Dalam rapat kepanduan yang diadakan di Surakarta 27–30 Desember 1945 diputuskan pembentukan Pandu Rakyat Indonesia yang menyatukan segenap pandu yang ada di Indonesia dalam satu naungan guna mempererat tali persatuan dan kesatuan dalam rangka mempertahankan kemerdekaan yang masih amat muda pada saat itu.
Beberapa tahun kemudian situasi politik mulai berubah dan Pandu Rakyat Indonesia yang dibentuk 1945 dirasakan tidak begitu efektif lagi. Oleh karena itu, pada 1950 Hizbul Wathan mulai diaktifkan kembali. Sejak itu Hizbul Wathan mulai menata kembali anggotanya dan organisasinya secara umum di samping mengembangkannya ke seluruh tanah air di mana Muhammadiyah ada.

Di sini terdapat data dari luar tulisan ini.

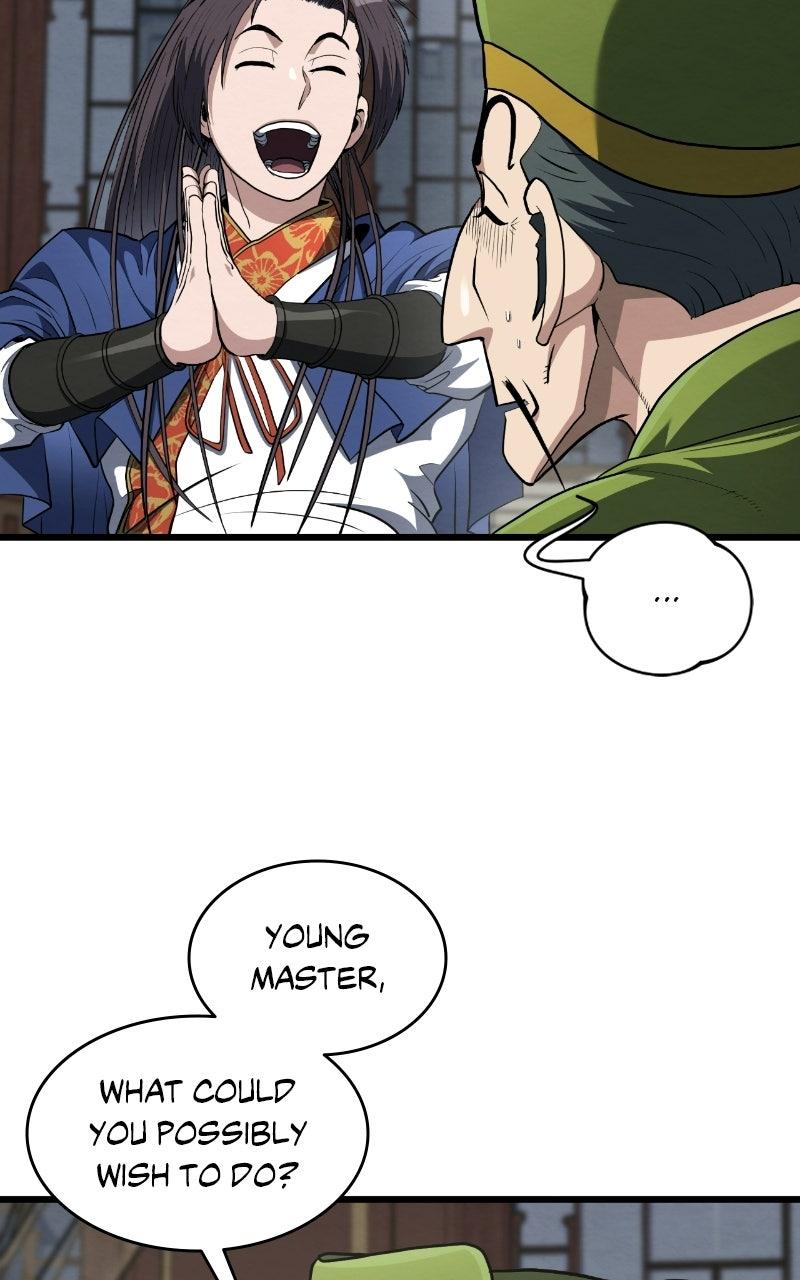 The Mighty Delinquentof the Dan Clan Chapter 19 page 73 - 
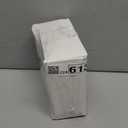 13 FT 45 Pcs Valentine's Day Felt Heart Garland Banner Decorations Pink Red White 3D Heart Felt Banners Garland for Fireplace Anniversary Wedding Engagement Party Home Decor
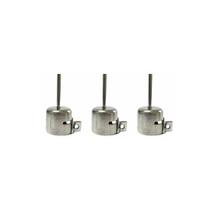 Kit 3 Bocal Pf-200 Smd Utilizado Estação Retrabalho Esd-800 Es-810 Instrutherm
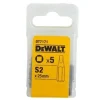Bits Quadradas 25 mm No.2 Dewalt DT7171-QZ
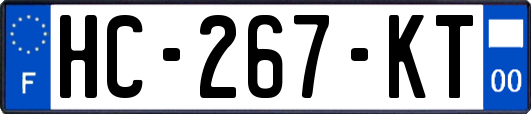 HC-267-KT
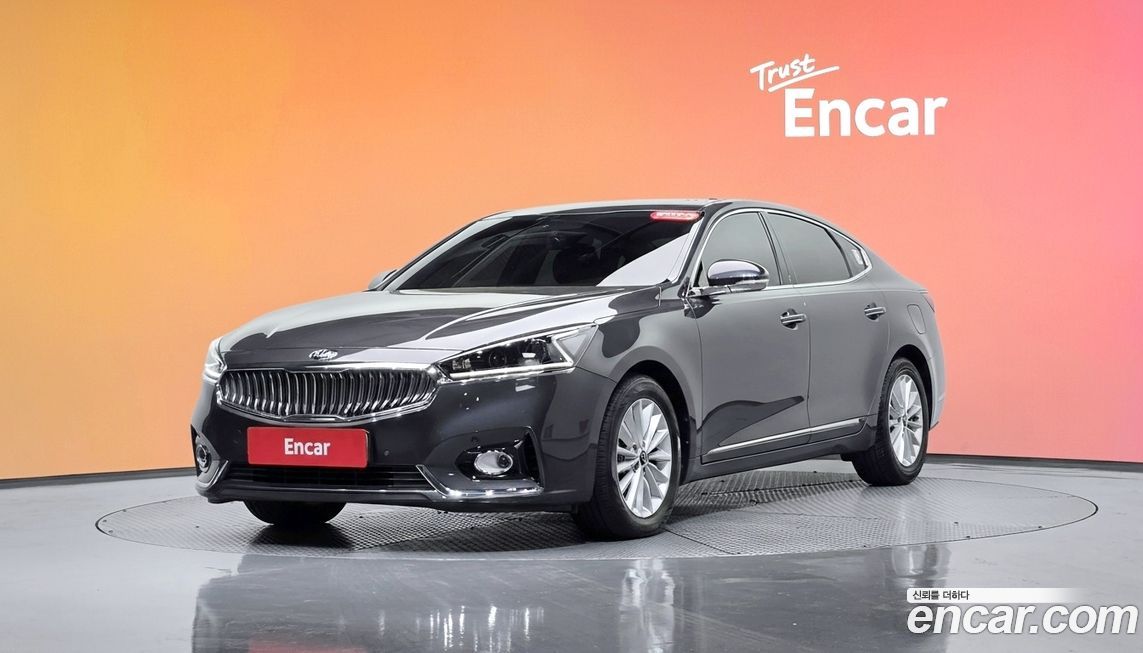 Kia K7 2017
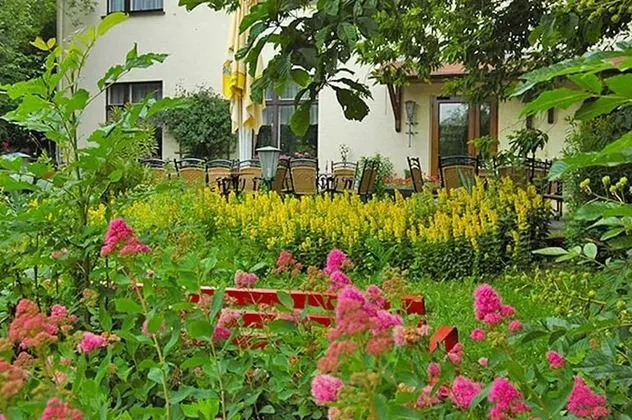 Berghotel Rotstein - Dış Mekanlar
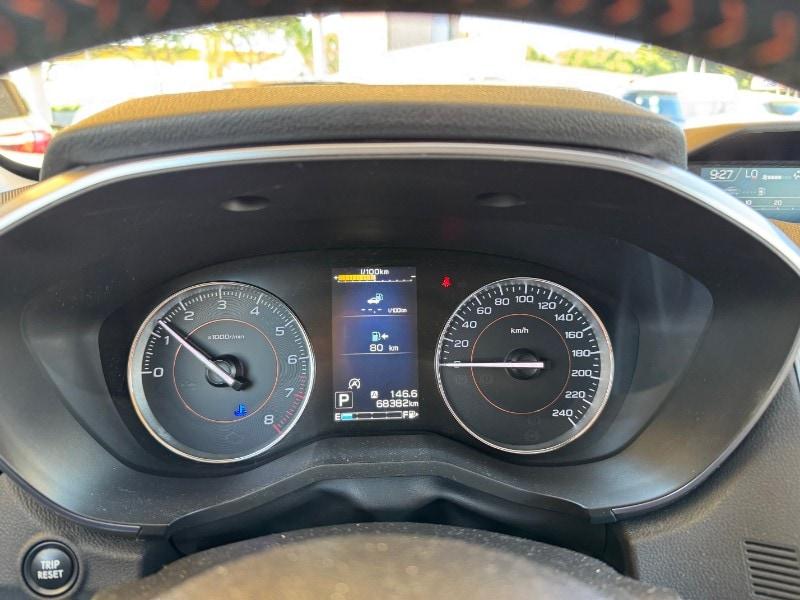 SUBARU XV 1.6i Lineartronic Style Navi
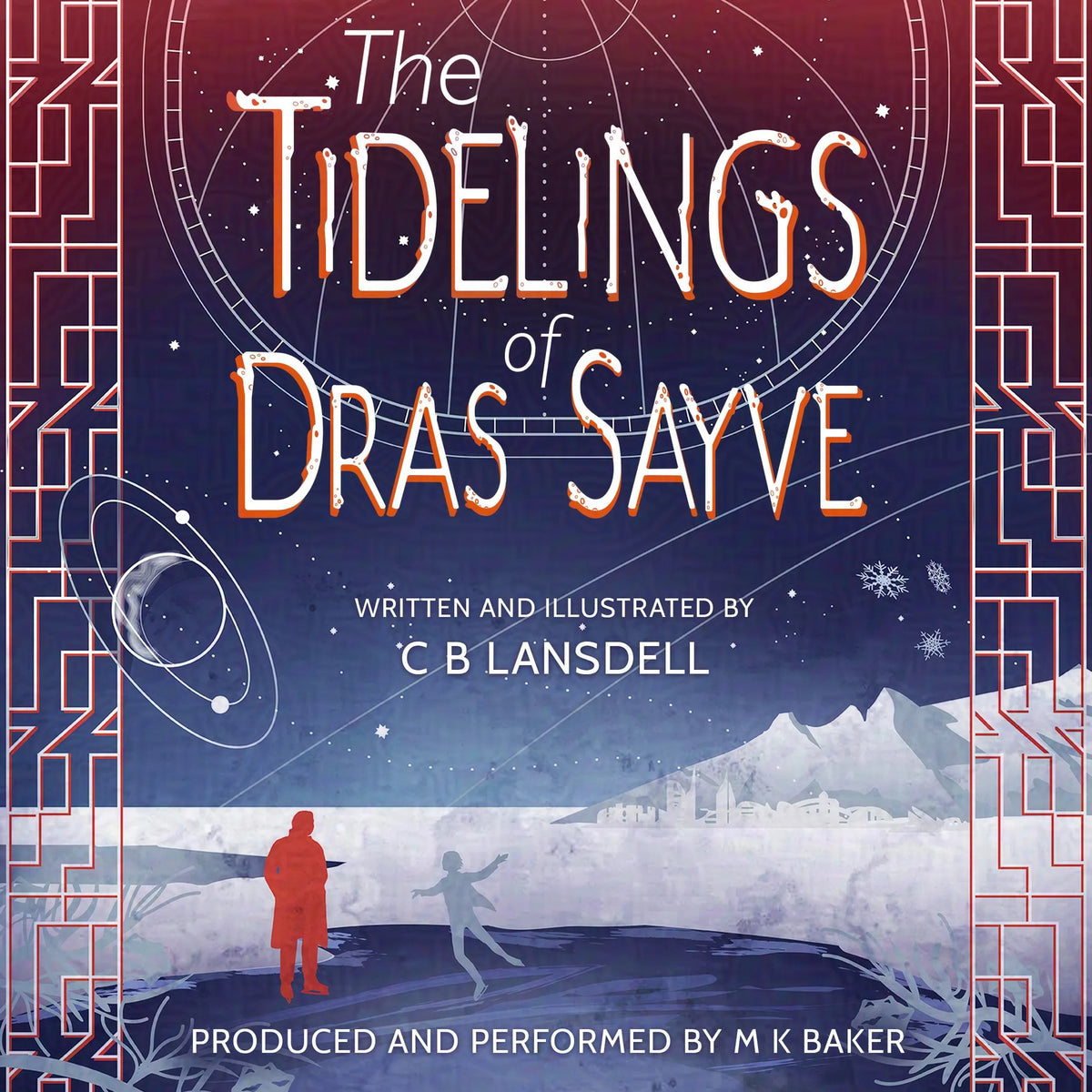 The Tidelings of Dras Sayve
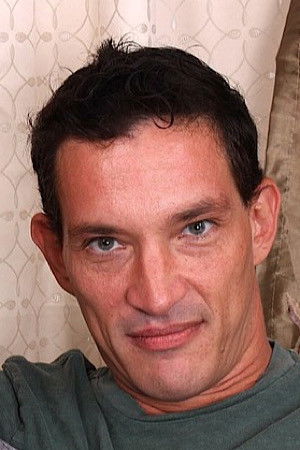 et billede af Chris Stevens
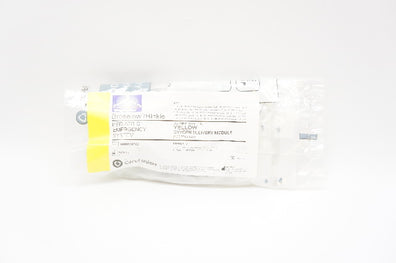 CareFusion 7700YAW Pediatric Emergency System Yellow Oxygen Delivery Module (x)
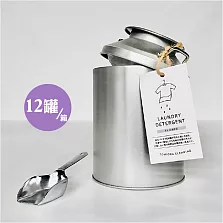 日本 Tomioka 原創洗衣粉 薰衣草(12罐/箱)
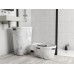 CURVER INFINITY 59L Koš na špinavé prádlo 43,7x35,1x60,2cm mramor 04761-M74
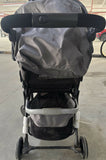 CHICCO  Simplicity Baby Stroller/Pram, Grey 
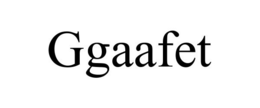GGAAFET trademark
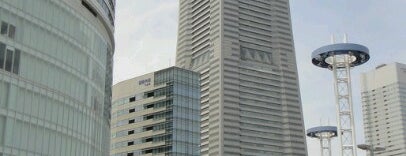 横浜ランドマークタワー is one of Curtainwalls & Landmarks.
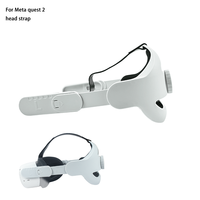 Support de charge K6 pour 2 casques VR, en ABS blanc, avec protection confortable et installation facile
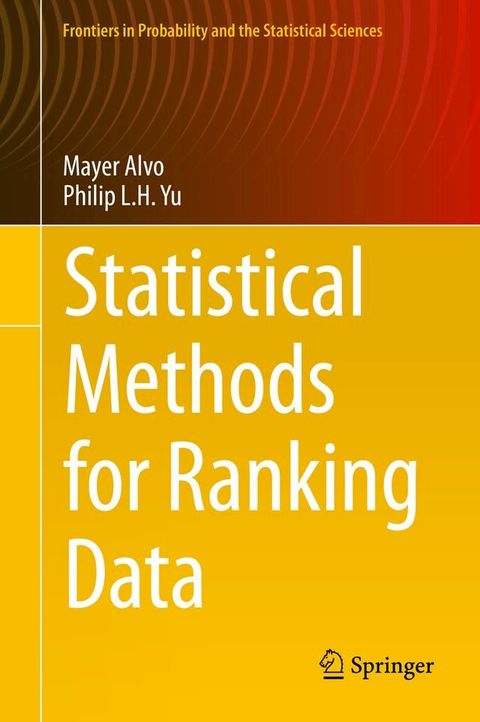 Statistical Methods for Ranking Data(Kobo/電子書)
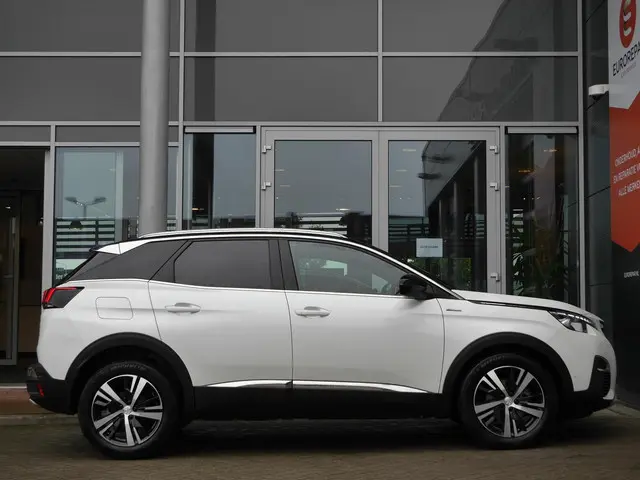 Peugeot 3008 GT-LINE 1.2 130PK 2018 Benzine 6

Kegiatan tersebut berjalan terus sampai terbitnya Keputusan Presiden Republik Indonesia No. 238 tahun 1961 tentang gerakan Pramuka yang mengharapkan agar segenap organisasi kepanduan yang ada di Indonesia meleburkan diri dalam perkumpulan Pramuka.
Dalam rangka memenuhi seruan tersebut, gerakan kepanduan Hizbul Wathan dalam suratnya 8 Juni 1961 kepada Panitia Pembentukan Gerakan Pramuka menyatakan bersedia meleburkan diri dalam Perkumpulan Gerakan Pramuka. Surat tersebut ditandatangani M.H. Mawardi dan H. Amin Lutfi, masing-masing sebagai ketua dan sekretaris Majlis Hizbul Wathan Yogyakarta.
Sebagai anak dari organisasi Muhammadiyah, Hizbul Wathan terkait erat dengan cita-cita Muhammadiyah. Hal ini tercermin dari keputusan Kongres 1938 yang menyatakan bahwa sebagai pemuda Muhammadiyah, anak-anak Hizbul Wathan harus membiasakan diri mengamalkan pekerjaan dalam Muhammadiyah; mereka harus siap menolong dan berjasa untuk keperluan Muhammadiyah khususnya dan agama Islam umumnya.
Keanggotaan Hizbul Wathan terdiri dari tiga tingkatan: (1) Tingkat Atfal (Ar.: athfal) yang diperuntukkan bagi anak-anak yang berumur 6–12 tahun, yang dibedakan lagi menjadi Atfal Melati, Atfal Bintang Satu, dan Atfal Bintang Dua; (2) Tingkat Pengenal, diperuntukkan bagi yang berumur 12–17 tahun, yang terdiri dari Tangga I Kelas III, Tangga II Kelas II, dan Tangga III Kelas I; dan (3) Tingkat Penghela, untuk 17 tahun ke atas. Perbedaan yang ada dalam tingkat ditentukan oleh kemampuan masing-masing anggota dalam latihan dan pelajaran.
DAFTAR PUSTAKA
BKP Yogyakarta. Melati Tunas Pemuda Muhammadiyah. Yogyakarta: PP. Muhammadiyah, 1971.
HAMKA. Muhammadiyah di Minangkabau. Jakarta: Pustaka Panjimas, 1975.
Noer, Deliar. Gerakan Modern Islam di Indonesia 1900–1942. Jakarta: LP3ES, 1980.
Pasha, Mustafa Kamal. Muhammadiyah Sebagai Gerakan Islam Persatuan. Yogyakarta: Persatuan, 1975.
Salam, Solichin. Muhammadiyah dan Kebangunan Islam di Indonesia. Jakarta: Mega Djakarta, 1965.
Wathan, Hizbul. Pustaka H.W. Tahun III. Yogyakarta, 1925–1929.
_____________. Tuntunan H.W. Yogyakarta: PP. Muhammadiyah, 1961.